* _Activity_
Output the data below only from the line containing "Chaco Z/1 Classic" up to and including the line containing "Lager- und Schatzungsbuch von Eichel", exact and with the pictures left out.

* _Provided records_
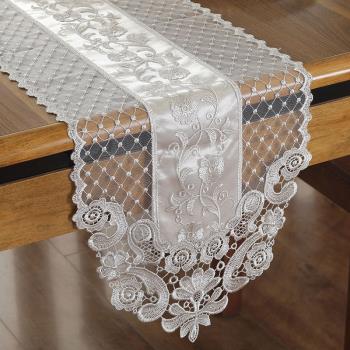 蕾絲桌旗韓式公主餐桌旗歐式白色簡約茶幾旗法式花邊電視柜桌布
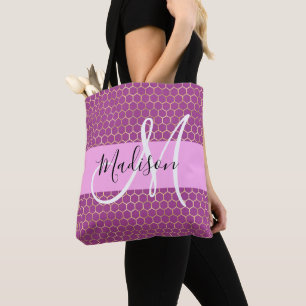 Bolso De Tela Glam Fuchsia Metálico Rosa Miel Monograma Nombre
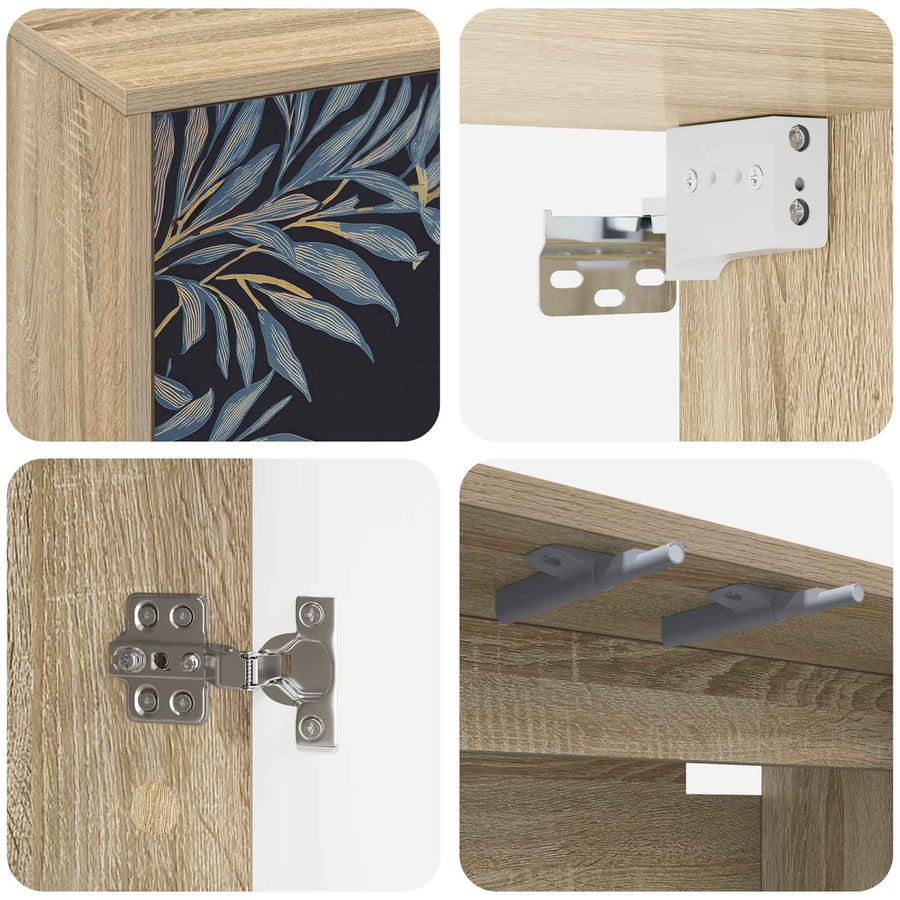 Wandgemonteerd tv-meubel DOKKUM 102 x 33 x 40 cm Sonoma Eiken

---

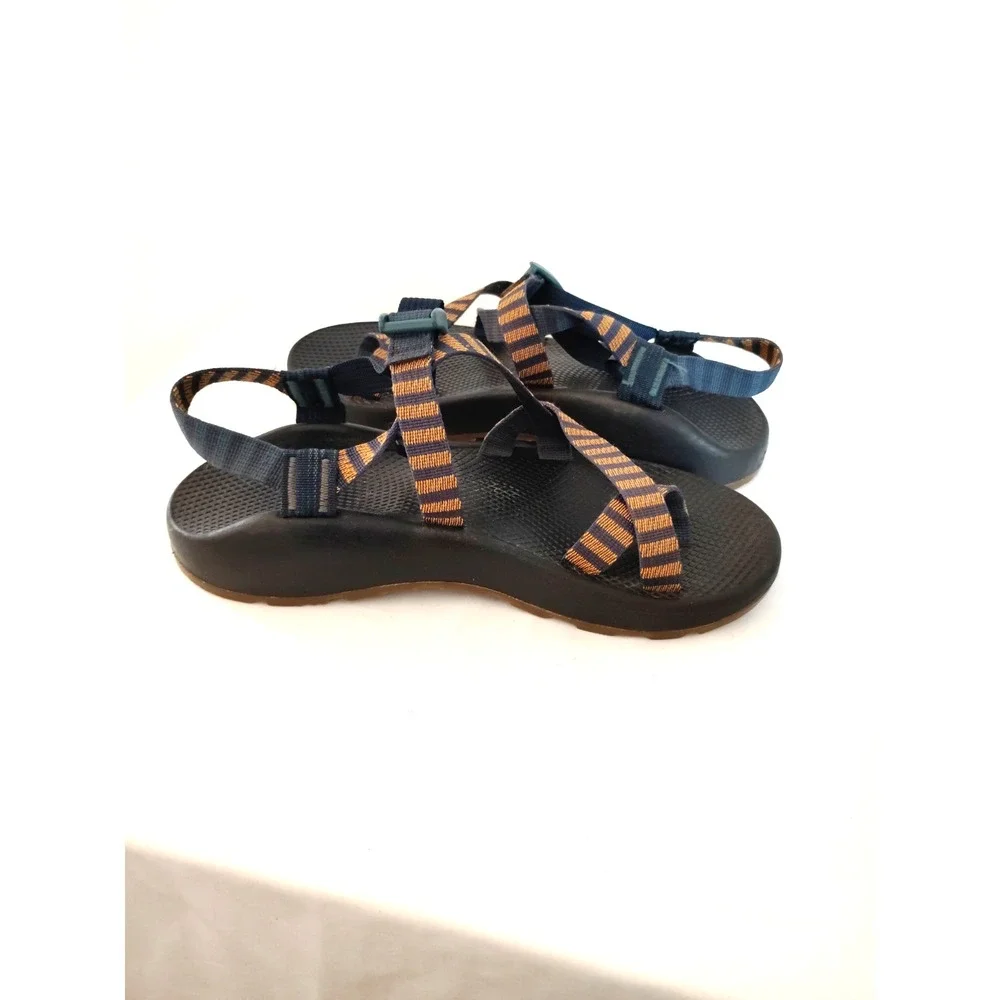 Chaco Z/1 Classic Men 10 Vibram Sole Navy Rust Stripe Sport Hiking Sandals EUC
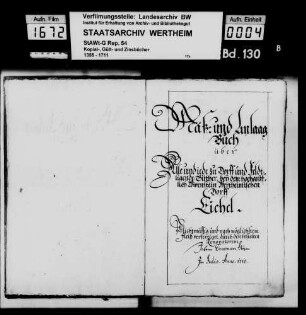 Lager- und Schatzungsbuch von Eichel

---

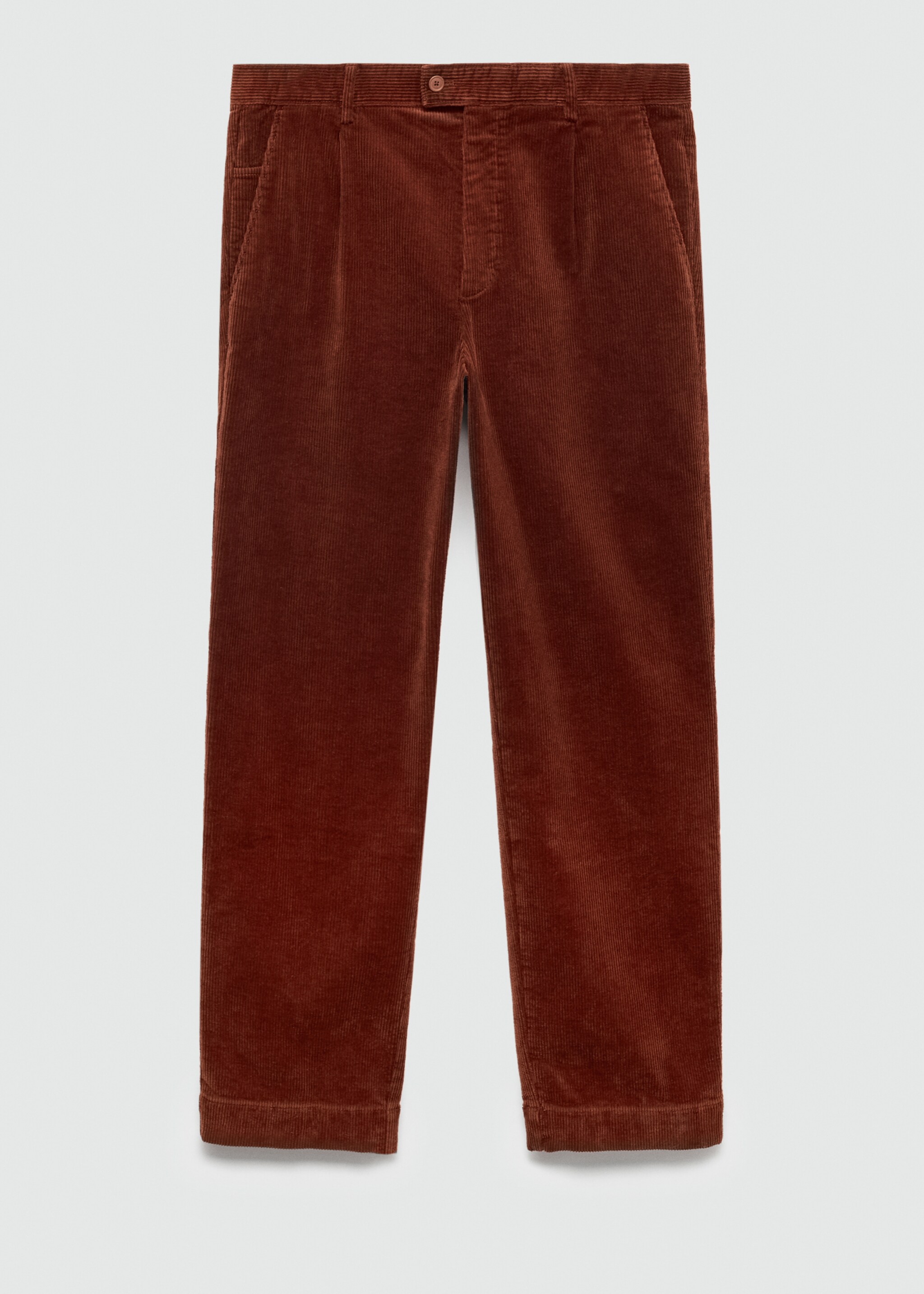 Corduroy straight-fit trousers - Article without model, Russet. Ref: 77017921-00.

* _Answer space_
 Chaco Z/1 Classic Men 10 Vibram Sole Navy Rust Stripe Sport Hiking Sandals EUC
 Lager- und Schatzungsbuch von Eichel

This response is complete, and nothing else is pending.